For children living with hunger, skipping school may mean missing the only opportunity to eat that day. School meals also tend to be healthier than what’s available at home. Compared with nearly half of children’s meals sourced from grocery stores and 80 percent sourced from restaurants, only 24 percent of school meals are of poor nutritional quality, according to researchers at Tufts University. In other words, the breakfasts and lunches a child eats at school may be their most balanced meals, providing the nutrition and energy they need to get the most out of class.
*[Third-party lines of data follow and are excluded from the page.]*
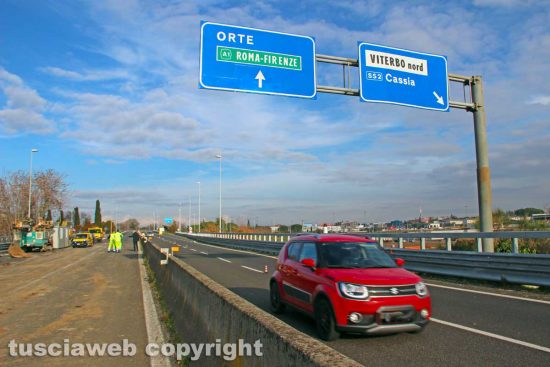 Viterbo - La riapertura della superstrada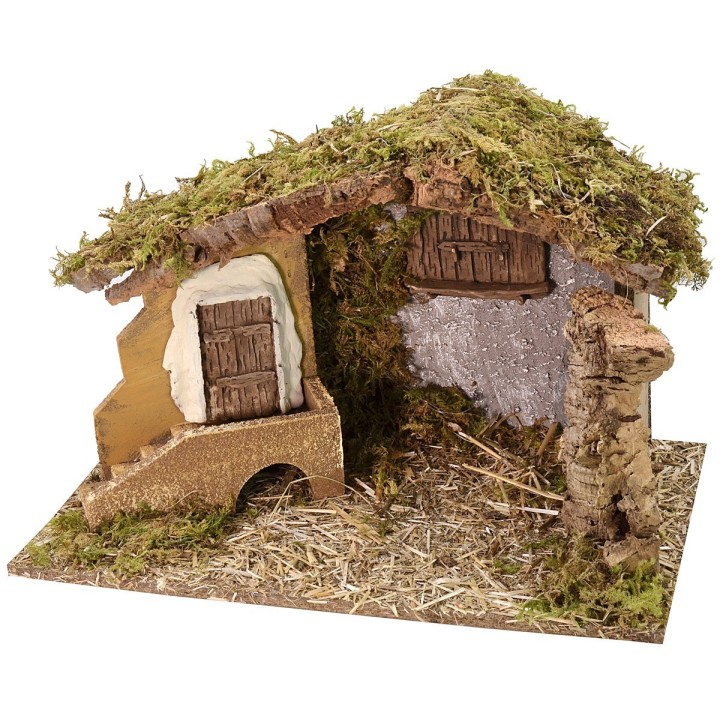 Hut with window and staircase 40x23x25.6 cm h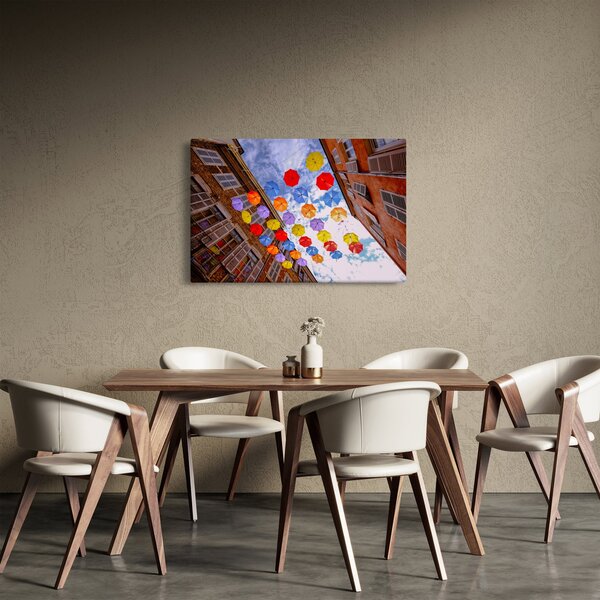 Slika šarenih kišobrana (90x60 cm)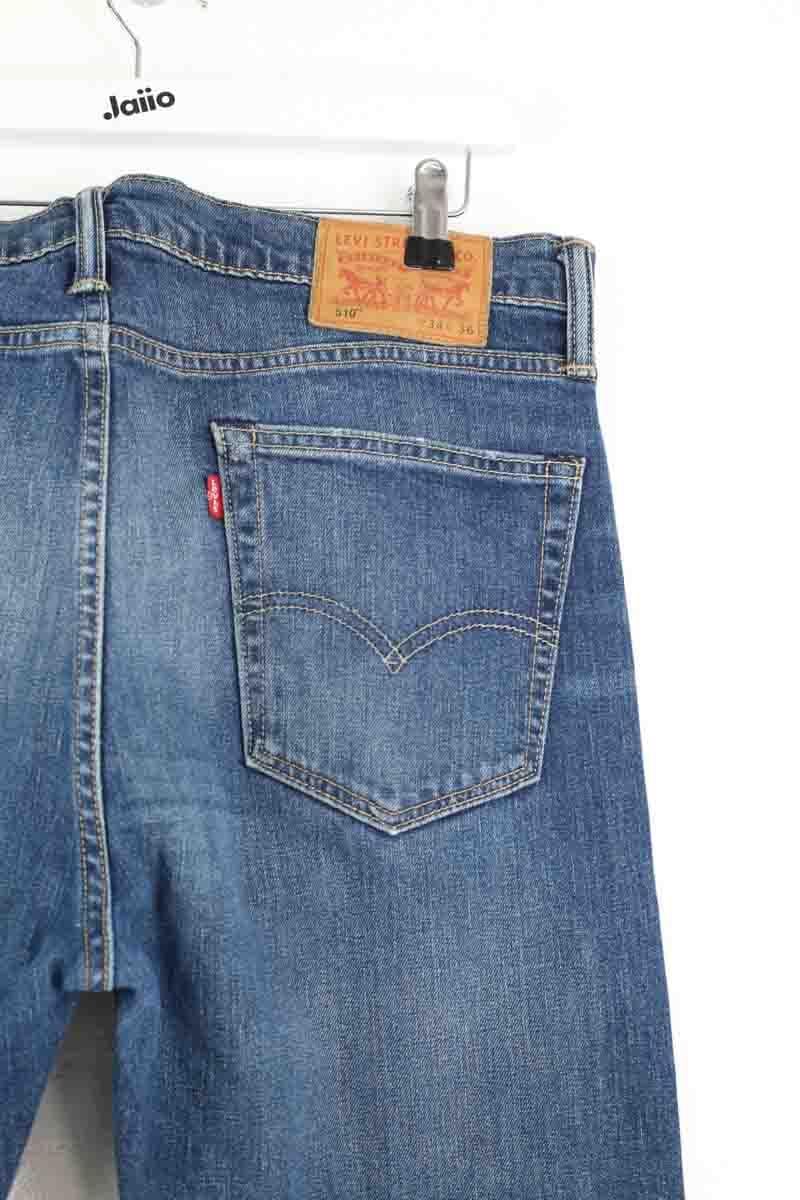 Straight cotton-blend pants LEVI'S - Seconde main Blue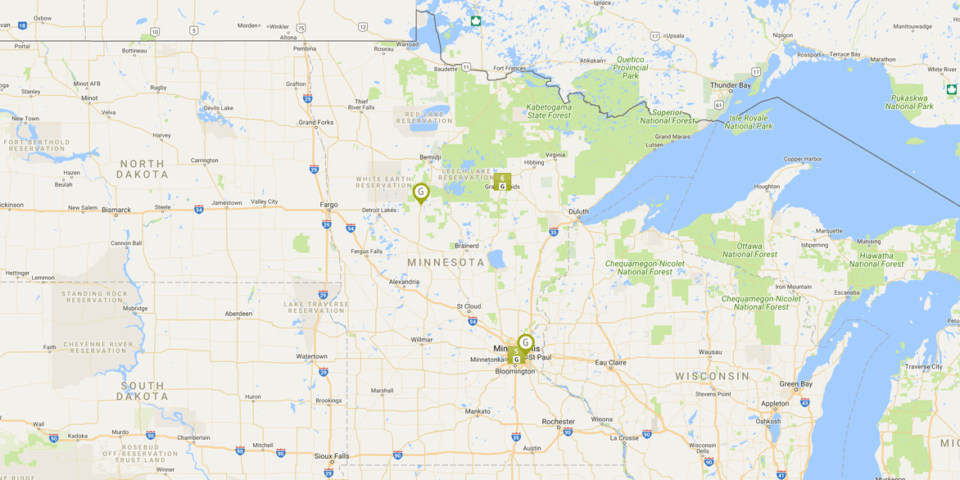 Google map of grants that support Itasca Area youth work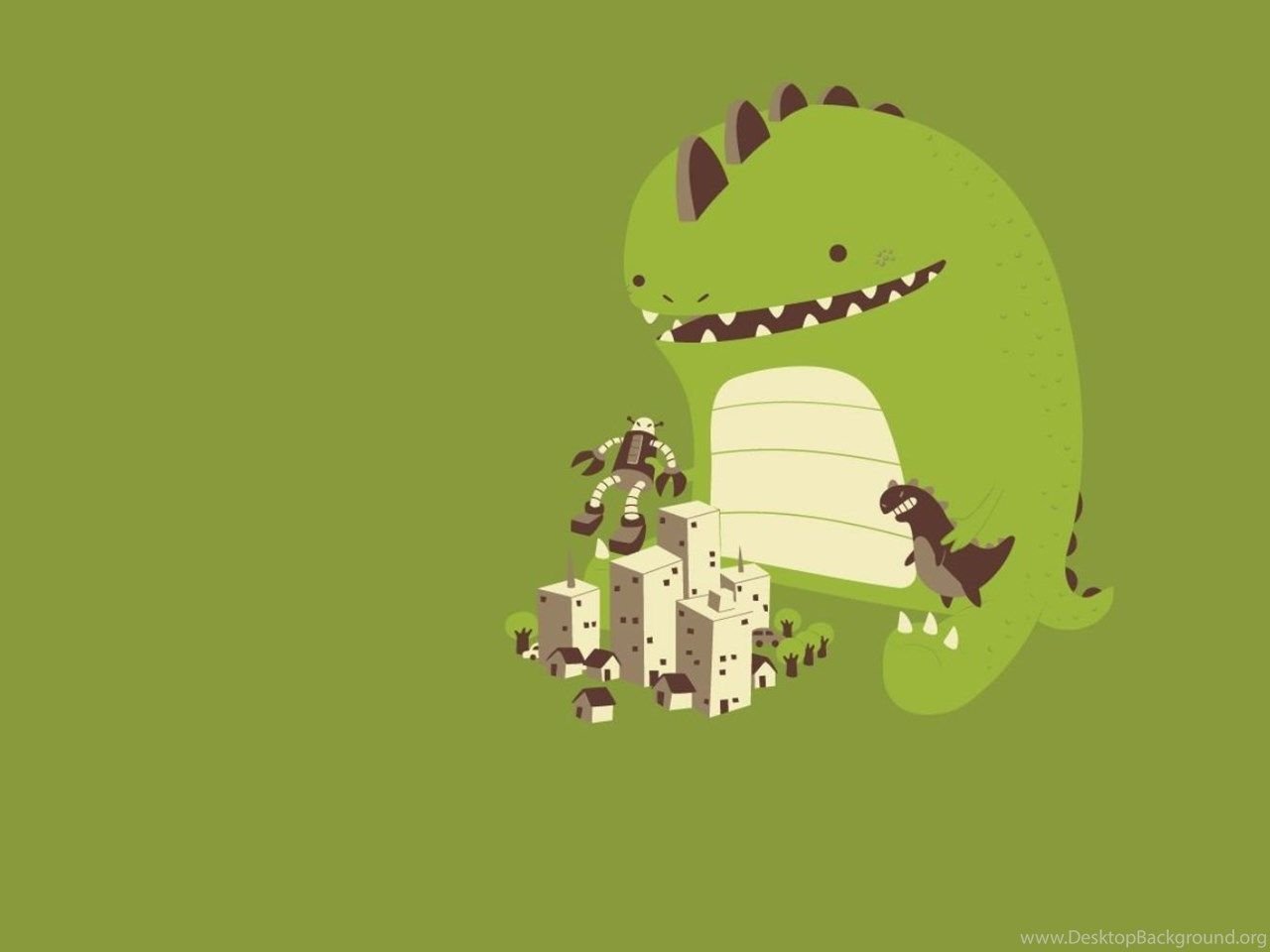 Cute Dinosaur Desktop Wallpapers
Missing school also means missing programming that take place after the academic day—like extracurricular activities and afterschool programs. Such activities improve children’s lives through exercise, friendship, and the numerous benefits of play—including heightened creativity, motor skills development, and improved learning outcomes. And for many students, afterschool programs are an opportunity to receive much-needed academic support. 69 percent of students who attended such a program improved their homework completion and class participation, and 62 percent improved their behavior in class. Making sure every student has a coat and shoes drives program attendance and enables full participation, so kids can get the most out of opportunities designed to help them thrive.
First and foremost, Operation Warm’s mission is to open doors for children: into the classroom and the essential services they receive there, as well as out to the playground and the world beyond home. But by doing so, we also unite entire communities—including schools, libraries, nonprofit organizations, and caring volunteers who come together to deliver coats, shoes, and other services.
For example, our A Warm Welcome to the Library program offers a new coat and books to each child who participates, with the added benefit of introducing their families to the many resources available at the library—from literacy tutoring to career support services. 98 percent of parents told us they felt more connected to the community as a result of the program. And, more good news: nearly all of our volunteers tell us that after participating in one of our events, they are more likely to support community efforts to help children in need. Given the extreme challenges many communities have faced as a result of the pandemic, building and strengthening these connections continues to be critical.
In 2021-2022, our plan is to serve more children than ever before.
We’ll distribute 600,000 coats and 100,000 pairs of shoes—all while promoting access to vital services and extending a message of caring and hope. We’re proud that every item we deliver not only does the important job of protecting kids from the cold but offers #morethanacoat: the gift of warmth in its many and wide-reaching forms.